START RECORDS FOR THIS TASK
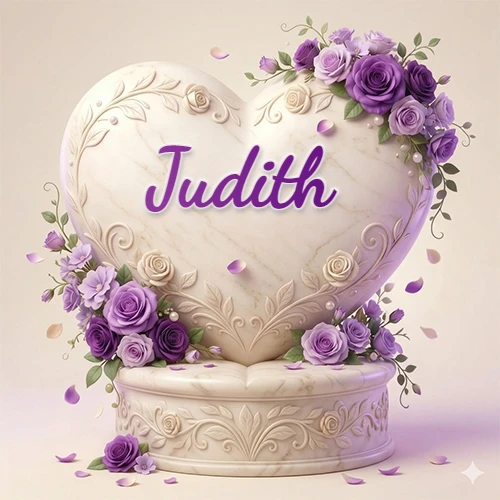 Una delicada escultura de mármol en forma de corazón blanco decorada con motivos clásicos, rodeada de orquídeas y elegantes rosas violetas de una manera artística y atractiva. El nombre Judith está escrito en el diseño.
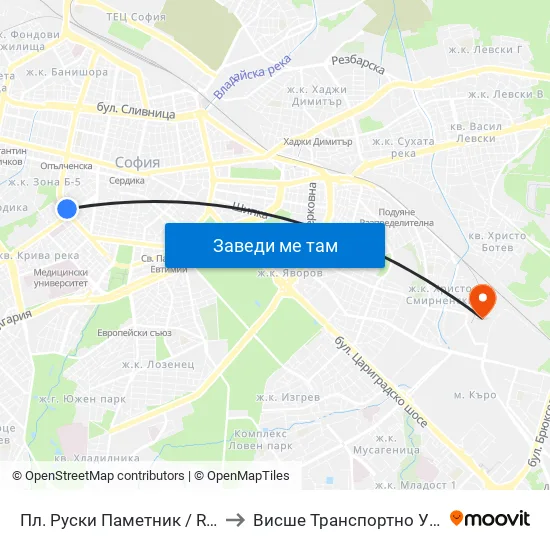 Пл. Руски Паметник / Russian Monument Sq. (1300) to Висше Транспортно Училище Тодор Каблешков map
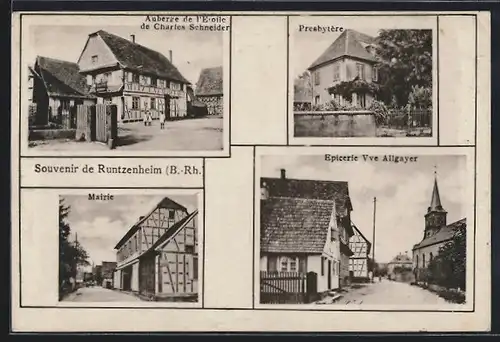 AK Runtzenheim, Auberge de l`Etoile de Charles Schneider, Epicerie Vve Allgayer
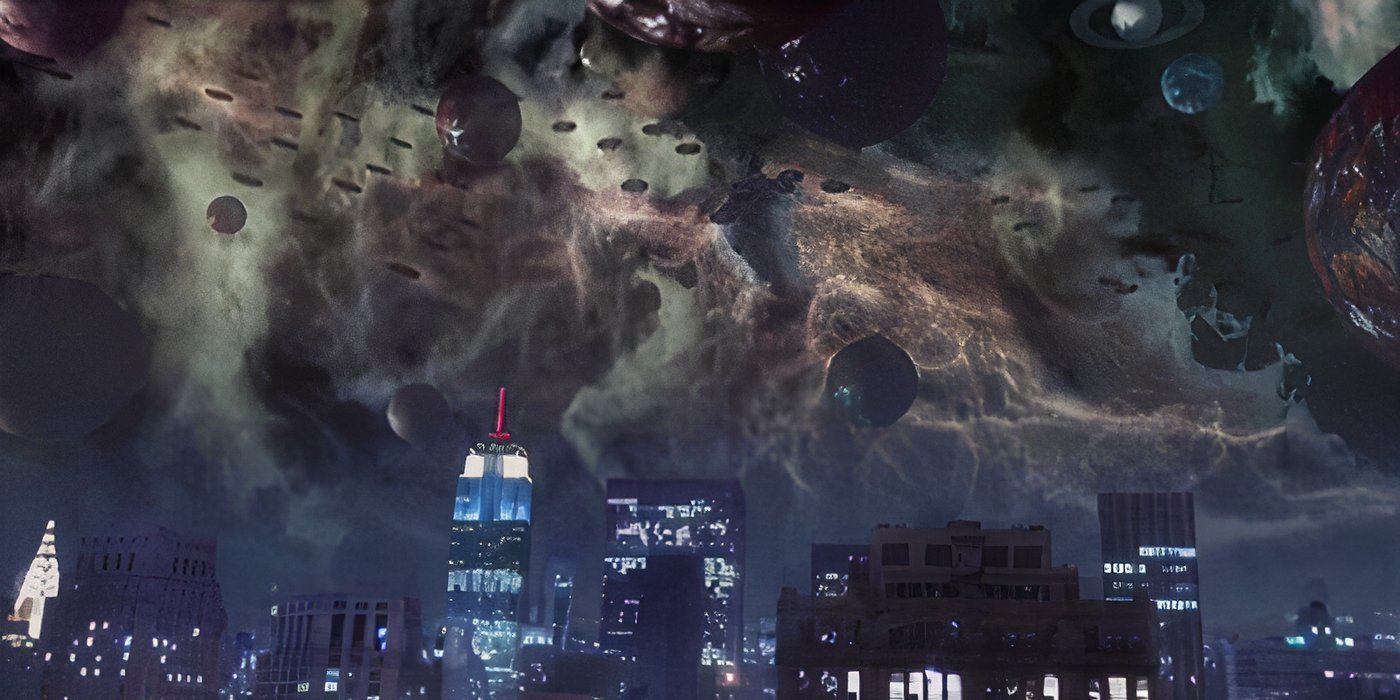 The missing planets over the New York skyline in the Doctor Who episode The Stolen Earth.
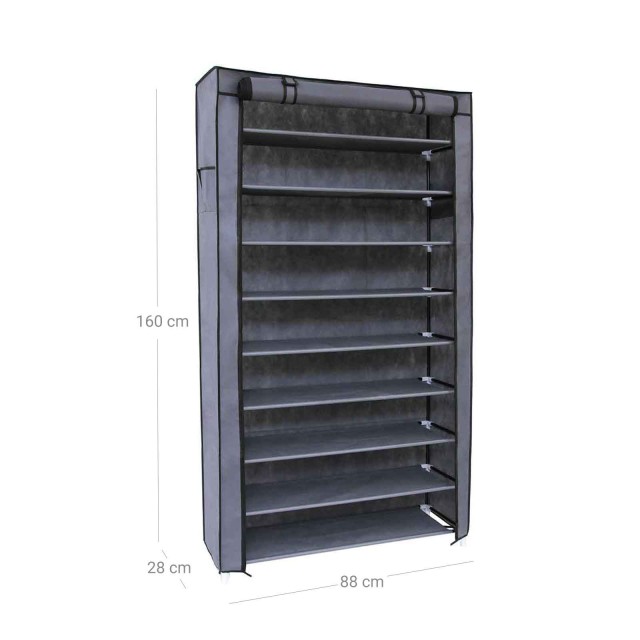 SONGMICS Υφασμάτινη Παπουτσοθήκη 10 Επιπέδων 88 x 28 x 160 cm, Γκρι...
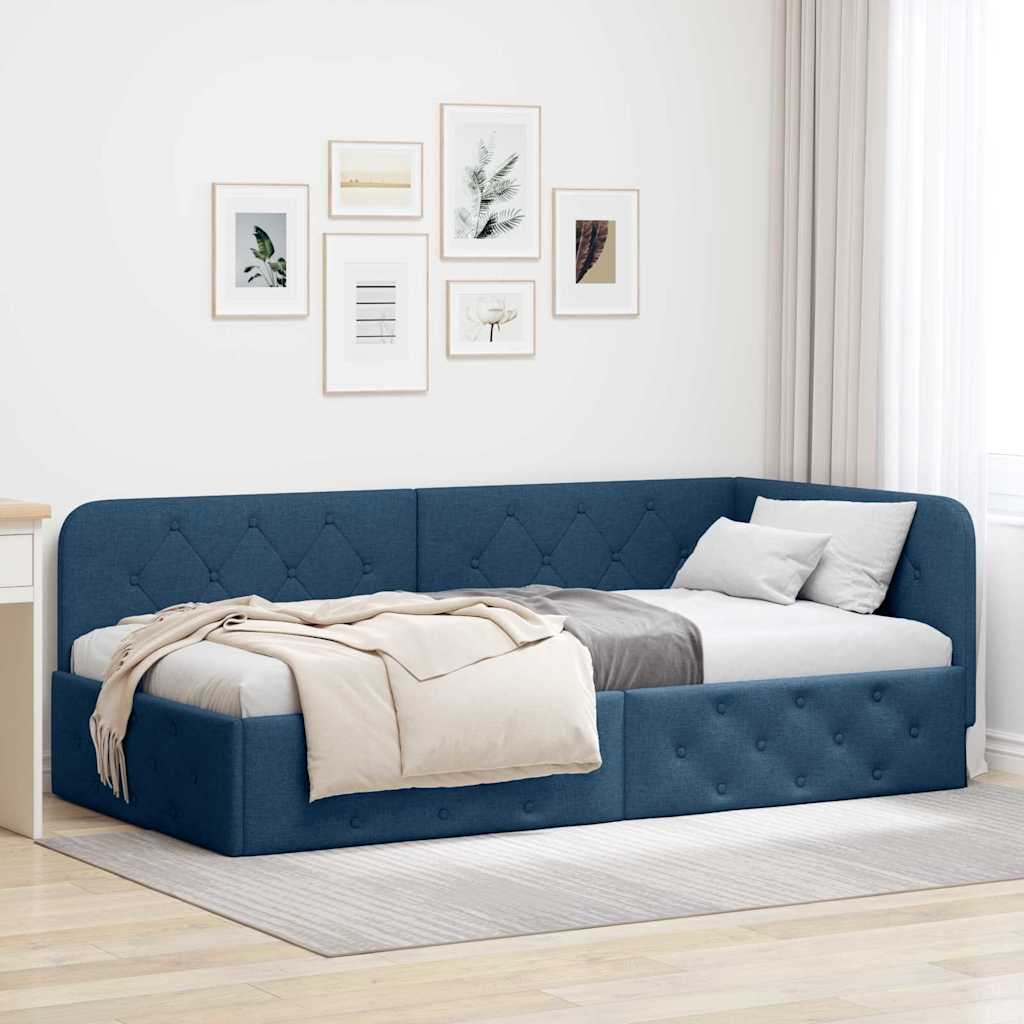 Eckbettgestell Blau 90 x 190 cm Stoff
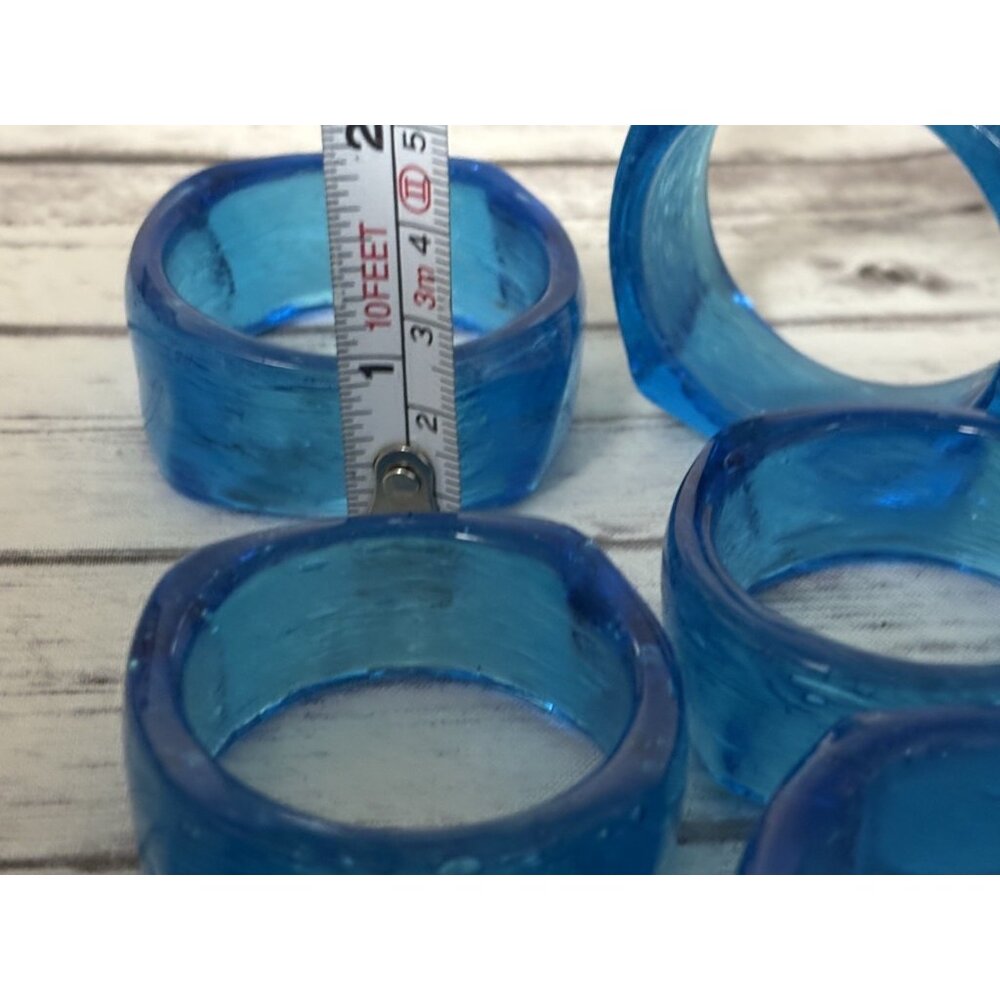 Ocean Blue Art Glass Napkin Rings Holders Set of 6 Dining Table Setting - Picture 6 of 6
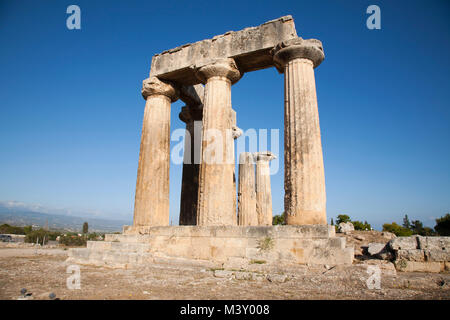 Europa, Griechenland, Peloponnes, Alt-korinth, archäologische Stätte, Tempel des Apollo Stockfoto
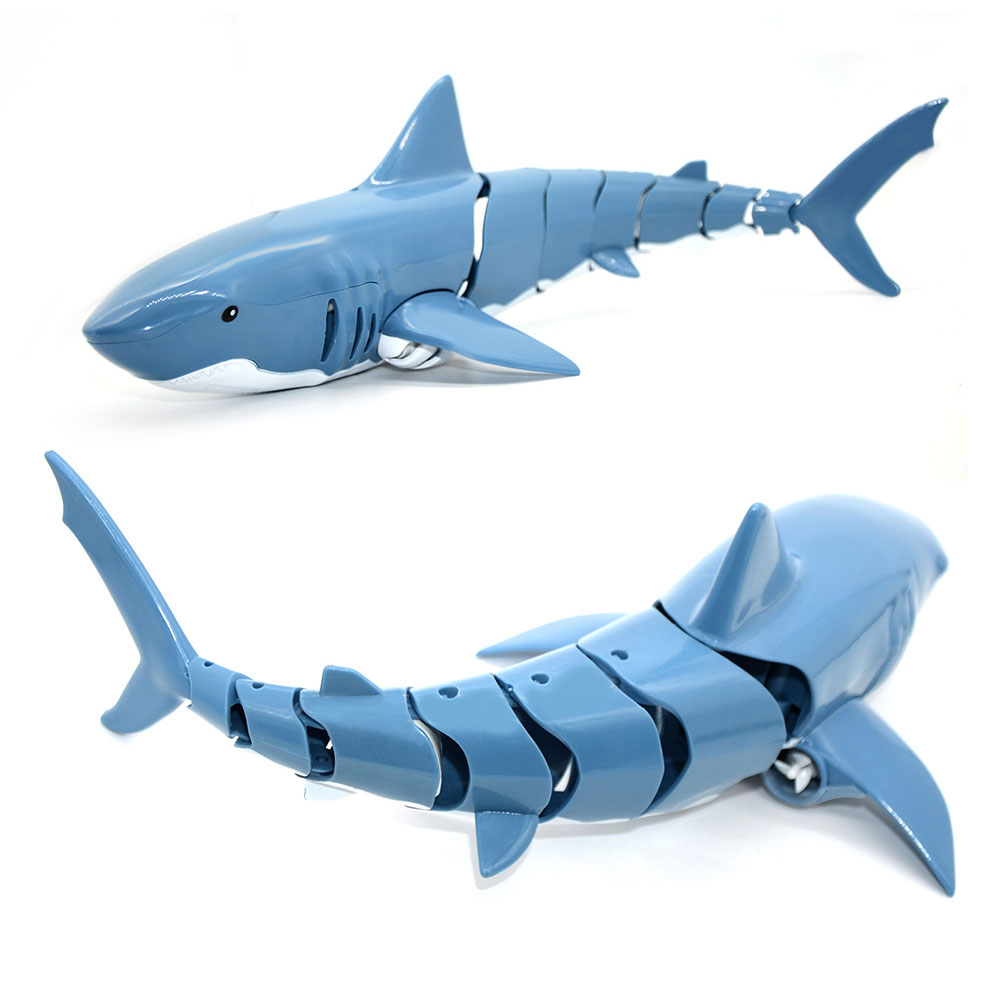 Fjernbetjening haj 2.4g elektrisk simulation rc fisk 20 minutter genopladeligt batteri vand swimmingpool børn legetøj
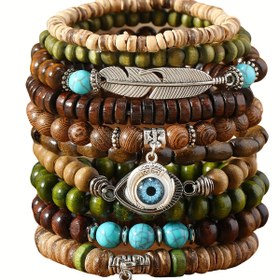 Resim Boho Stili 10 Parça Set Tüy, Nazar Boncuğu ve Kanatlı Charm'lı Ahşap Boncuk Bileklikler - Çiftler İçin Doğal Ahşap ve Turkuaz Boncuk Bileklik Seti 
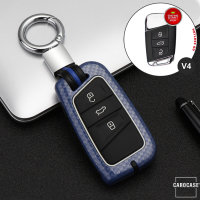 Aluminum key fob cover case fit for Volkswagen, Skoda, Seat V4 remote key white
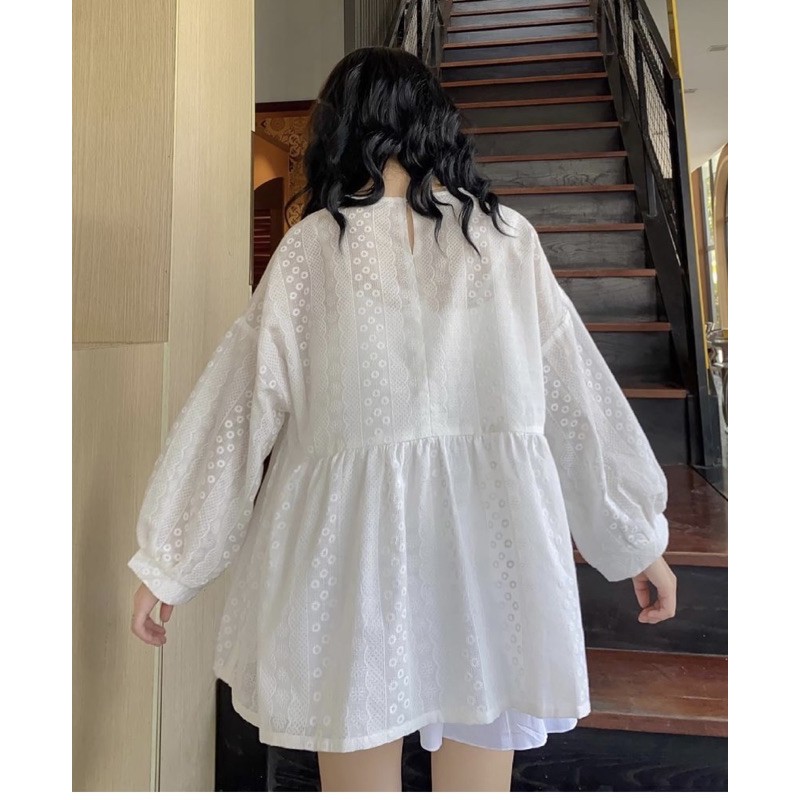 [Ảnh thật/Sẵn]Áo babydoll thô ren hoa nổi dáng rộng/Áo babydoll form rộng Ulzzang | BigBuy360 - bigbuy360.vn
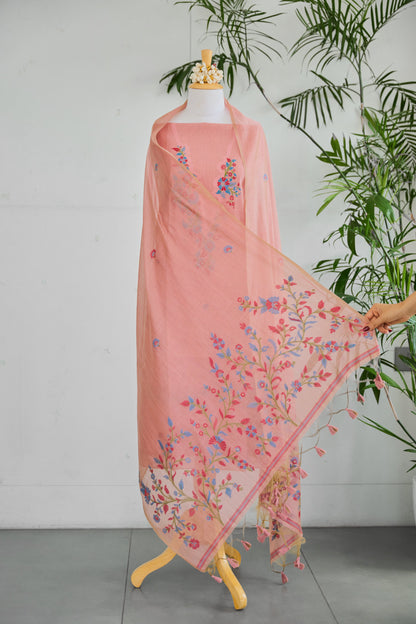 INAYAT- Pure  Mul Chanderi Pink Unstitched Suit Set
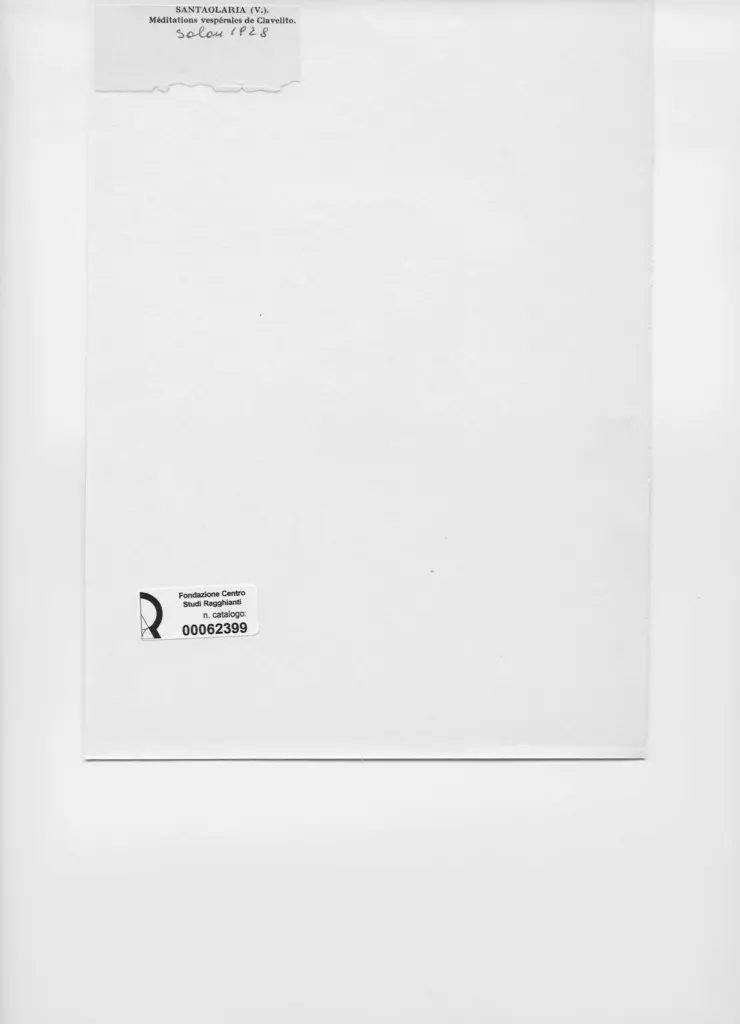 Anonimo , Santaolaria, V. - sec. XX - M&eacute;ditations vesp&eacute;rales de Clavelito , retro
END RECORDS FOR THIS TASK
## EXERCISE OBJECTIVE
Copy word for word the span of the records above that begins at the line with "The missing planets" and ends at the line with "Europa, Griechenland, Peloponnes, Alt-korinth, archäologische", including those two lines but not the pictures.

## OUTPUT FOR THIS EXERCISE
 The missing planets over the New York skyline in the Doctor Who episode The Stolen Earth.
 SONGMICS Υφασμάτινη Παπουτσοθήκη 10 Επιπέδων 88 x 28 x 160 cm, Γκρι...
 Eckbettgestell Blau 90 x 190 cm Stoff
 Ocean Blue Art Glass Napkin Rings Holders Set of 6 Dining Table Setting - Picture 6 of 6
 Europa, Griechenland, Peloponnes, Alt-korinth, archäologische Stätte, Tempel des Apollo Stockfoto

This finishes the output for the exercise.